Even though the petitioners were persistent on stay of rules in the meantime, the bench didn't pass any such order. Petitioners then said that Solicitor General Tushar Mehta, appearing for Centre, be asked to give an undertaking that rules will not be implemented and citizenship will not be granted till the petitions are pending before the apex court.
However, Mehta refused to make statement that Centre will not grant any citizenship in the meantime. He said whether migrants are granted citizenship or not, none of the petitioners are affected. He clarified that the CAA doesn't take away citizenship from anyone.

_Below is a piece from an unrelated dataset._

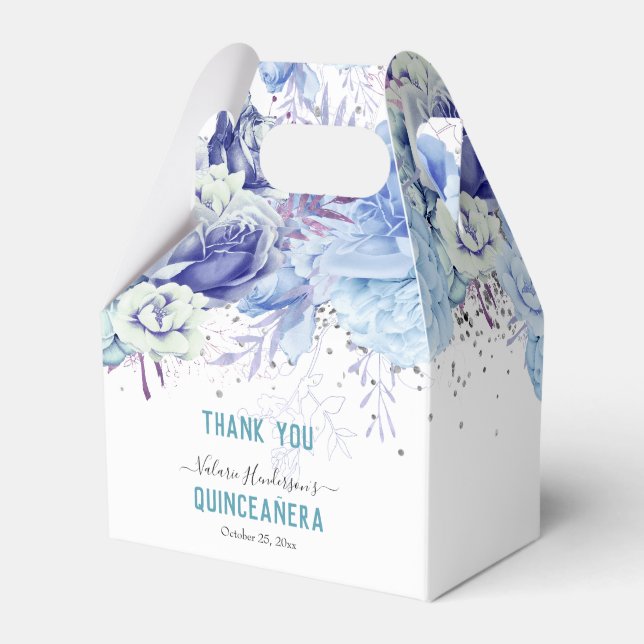 Floral Glitter Light Blue Quinceañera Favor Boxes (Front Side)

Senior advocate Kapil Sibal, representing one of the petitioners, asked what the sudden urgency was to notify the rules nearly four years after the CAA was passed.
"What's the urgency after four years? If any process of citizenship starts and people get citizenship, it will be irreversible. So the process shouldn't start. Once you grant citizenship, you can't take it back," Sibal said. Senior advocate Ranjit Kumar, appearing for migrants, said, "I am from Balochistan, I came to India because I was persecuted. If I am given citizenship, how is it affecting them?" Senior advocate Indira Jaising, appearing for one of the petitioners, replied, "They will get the right to vote."

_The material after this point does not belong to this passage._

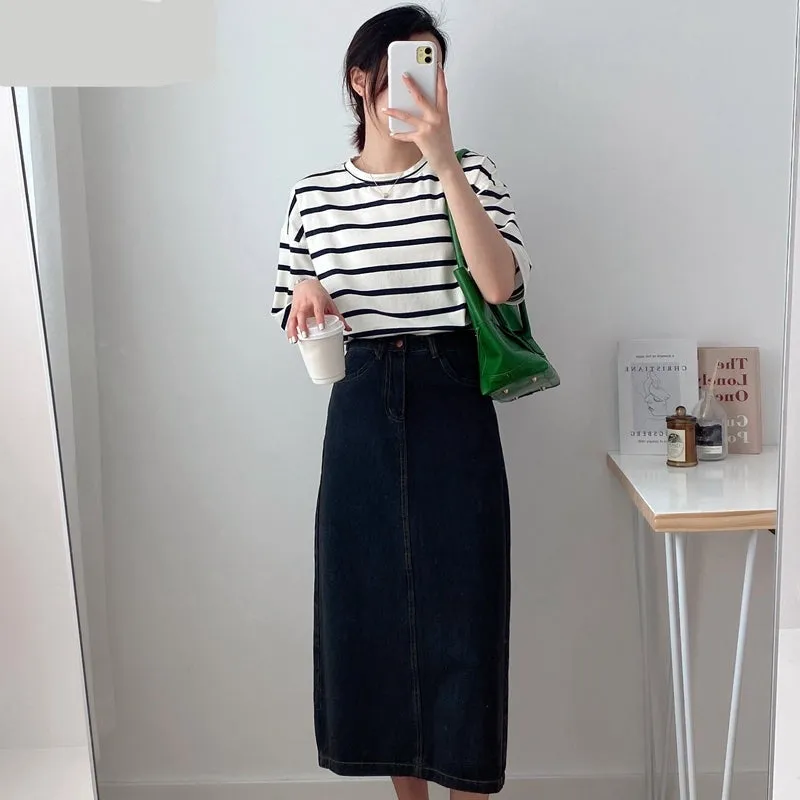 BerryBetty - Women Striped Cotton T Shirt Short Sleeve O Neck Tees Ladies Casual Tee Shirt Street Wear Top 6L42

Jaising said, "This court must say that citizenship granted during this period will be subject to orders of this court. We cannot go on with hope and trust jurisprudence anymore."
To this, the CJI replied, "But the infrastructure of state-level committees, etc., is not in place." Sibal then said that if something happens, they will approach the top court. In it's order, the bench said, "Let submissions be made on the stay application limited to five pages till April 2. Let respondents file a 5-page reply to the application by April 8." The Central government on March 11 notified the Citizenship (Amendment) Rules, 2024 which effectively brought into force the controversial CAA of 2019.
Rules opened implementation of CAA granting speedy citizenship to members of persecuted minority in Islamic countries of Pakistan, Bangladesh and Afghanistan. A day after the Central government issued the Rules for the CAA, Kerala-based political party Indian Union Muslim League (IUML) approached the Supreme Court seeking a stay on the implementation of Rules.
The Kerala-based political party demanded that the impugned statute and regulations be stayed, and that no coercive steps be taken against persons belonging to Muslim community who have been deprived of the benefit of this law. Apart from IUML, Democratic Youth Federation of India (DYFI), Leader of Opposition in the Assam Assembly, Debabrata Saika, and Congress MP from Assam, Abdul Khaleque, and others also filed applications seeking stay on rules.
The plea stated that rules are manifestly arbitrary and create an unfair advantage in favour of a class of persons solely on the ground of their religious identity, which is impermissible under articles 14 and 15 of the Indian Constitution. CAA, passed by Parliament on December 11, 2019 and getting the President's assent the following day, met with protests all across the country.
The CAA came into effect on January 10, 2020. The law fast-tracks the process of granting citizenship to Hindus, Sikhs, Buddhists, Jains, Parsis and Christians who fled religious persecution in Afghanistan, Bangladesh and Pakistan and took refuge in India on or before December 31, 2014.
The 2019 Act amended the Citizenship Act, 1955, which makes illegal migrants eligible for citizenship if they (a) belong to the Hindu, Sikh, Buddhist, Jain, Parsi or Christian communities, and (b) are from Afghanistan, Bangladesh or Pakistan.
It only applies to migrants who entered India on or before December 31, 2014. As per the amendment, certain areas in the Northeast are exempted from the provision.